Monthly Archives: December 2017

by Reid Fitzsimons

We’ve had the pleasure and honor of being friends with a remarkable young person, now 41 or 42, for 10 years. She is a very accomplished professional and makes good money but lives frugally in an inner city area. She spends much if not most of her money mentoring and supporting young woman “of color,” both in the US and in poor countries. She is the type of person who would, and in fact has, put everything on hold and travel to the a third word country to help someone in crisis. She seeks no fanfare whatsoever and, it should be noted, is able to do what she does largely because the expensive tastes to which we are so accustomed do not interest her.
A number of years ago she expressed some frustration with one of her girls, perhaps 15 or 16, because she was doing poorly in school and was functionally illiterate.
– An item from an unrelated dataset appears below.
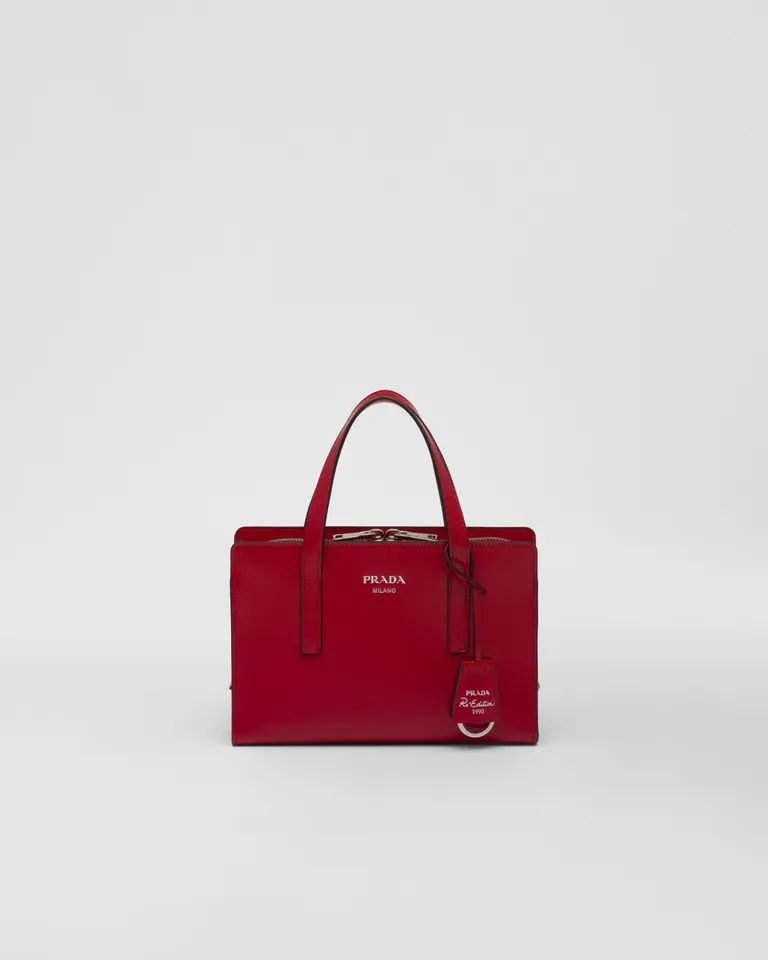 Quiet Luxury Handbags: Fashion Icons Timeless, Understated, and Effortlessly Chic 8 Re-Edition 1995 Brushed-Leather Large Handbag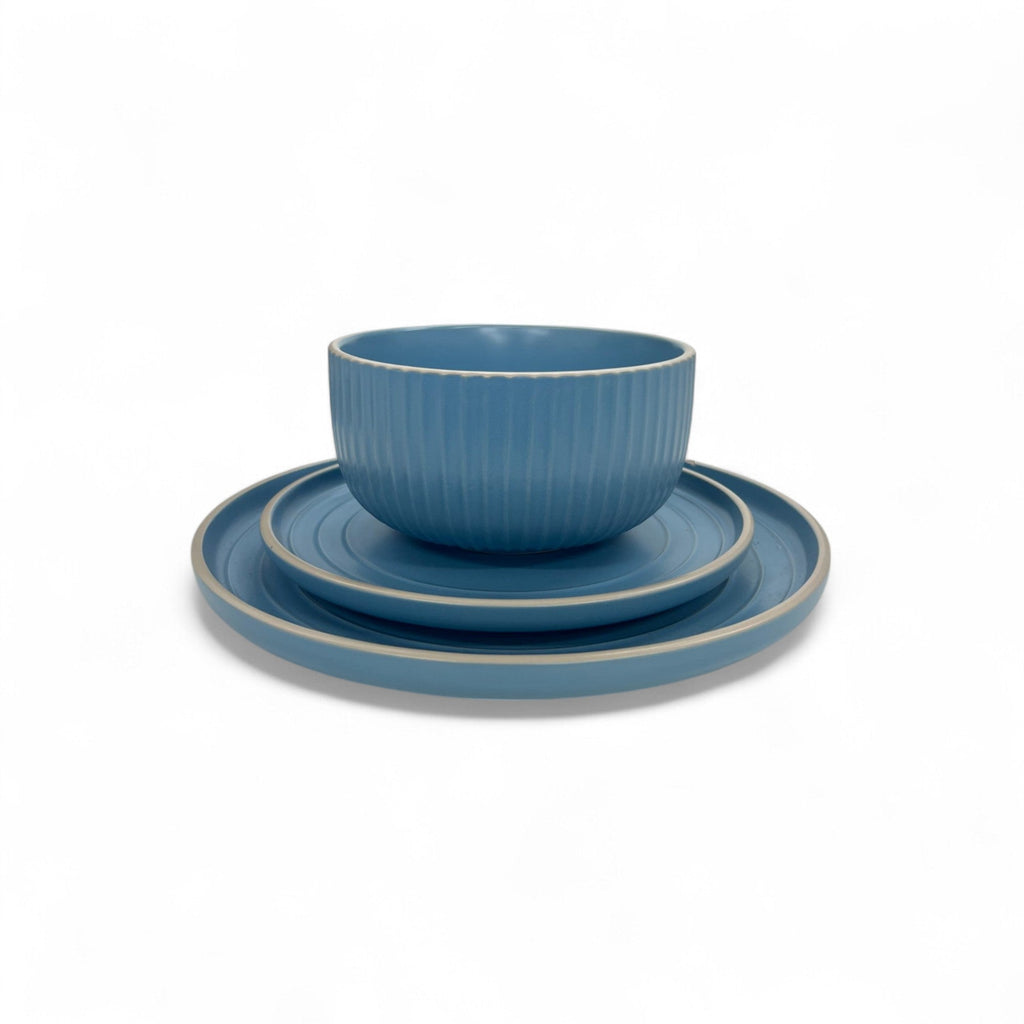 Kitchen Life 12 Piece Dinner Set Blue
Reading was not important to her because, “Reading is for white people” she said. That is a significant and even tragic statement and mentality, obviously, but not the subject of this article (recall that one goal of slave owners was prohibiting literacy among their chattel). Several years later I asked our friend how this particular girl was doing. She replied she’s doing well and going to college. My response was predictable, an “oh great, so she buckled down and learned to read.” To which she replied her girl never really became literate, but “everyone knows the college she’s attending isn’t a real college.” Exposing my own naiveté at the time, I have to admit I didn’t realize there were colleges that weren’t real.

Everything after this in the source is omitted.